» **EXERCISE DETAILS**
Please give back exactly the line with "Apartamento para alugar" and each line after it through the end of the material, leaving out the pictures.

» **DATA SEGMENT**
.....
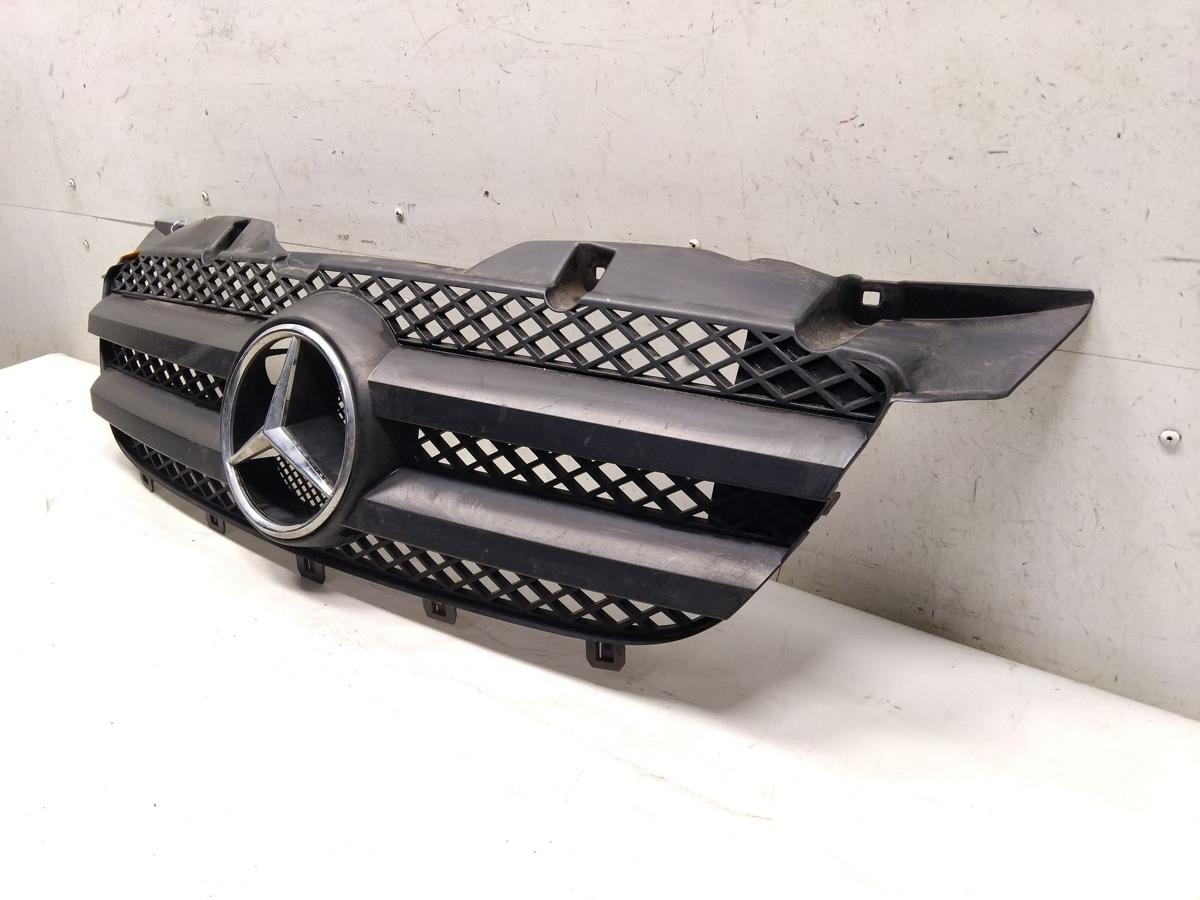 Mercedes Benz Sprinter 2 906 original K&uuml;hlergrill mit Emblem Bj.2006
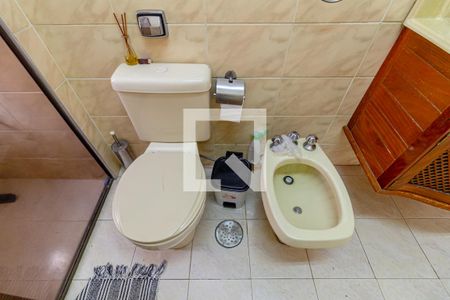 Apartamento para alugar com 60m², 2 quartos e sem vagaBanheiro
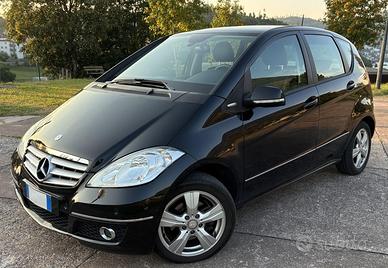 MERCEDES A180 AVANTGARDE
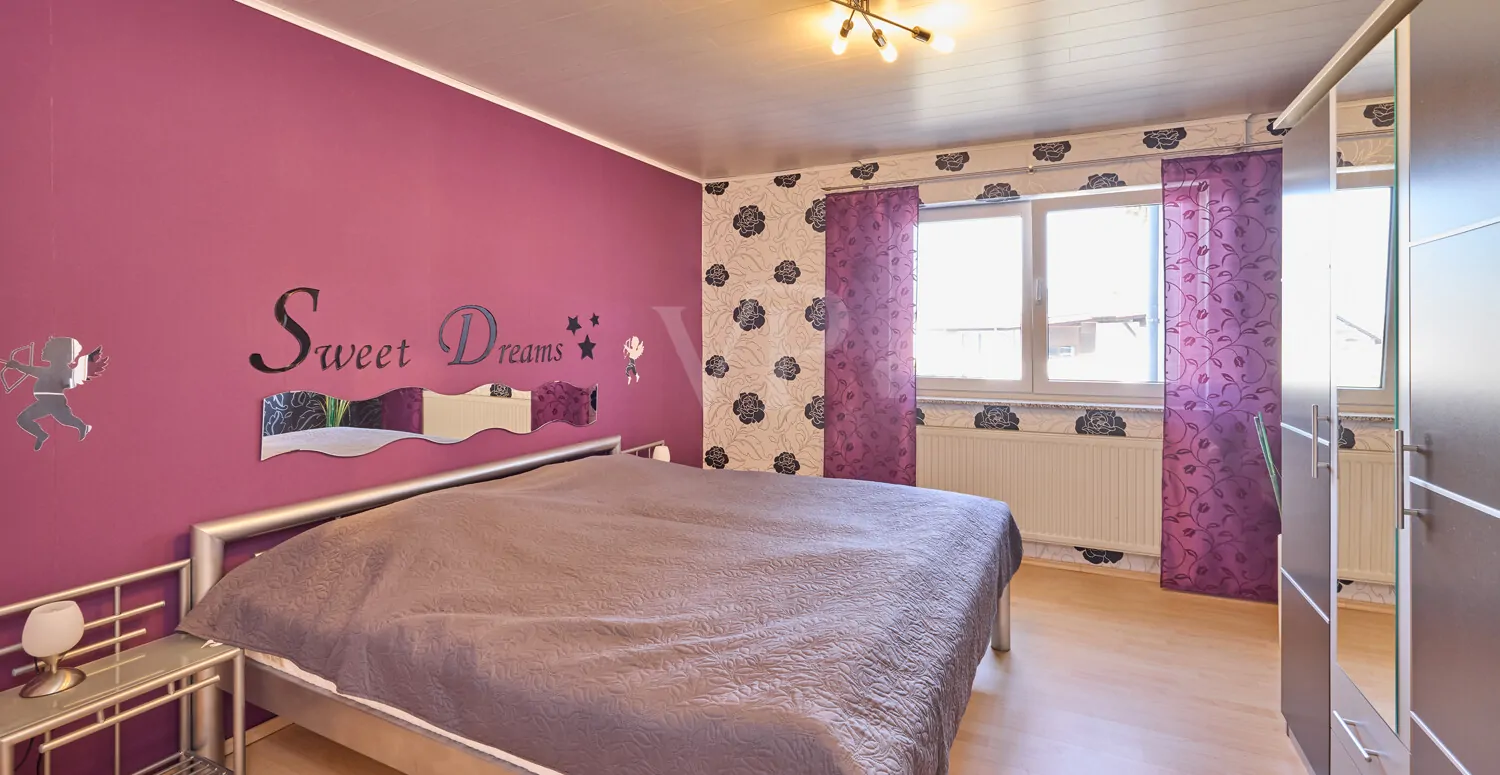 Schlafzimmer I/ Wohnung II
.....
» **TASK SOLUTION**
 Apartamento para alugar com 60m², 2 quartos e sem vagaBanheiro
 MERCEDES A180 AVANTGARDE
 Schlafzimmer I/ Wohnung II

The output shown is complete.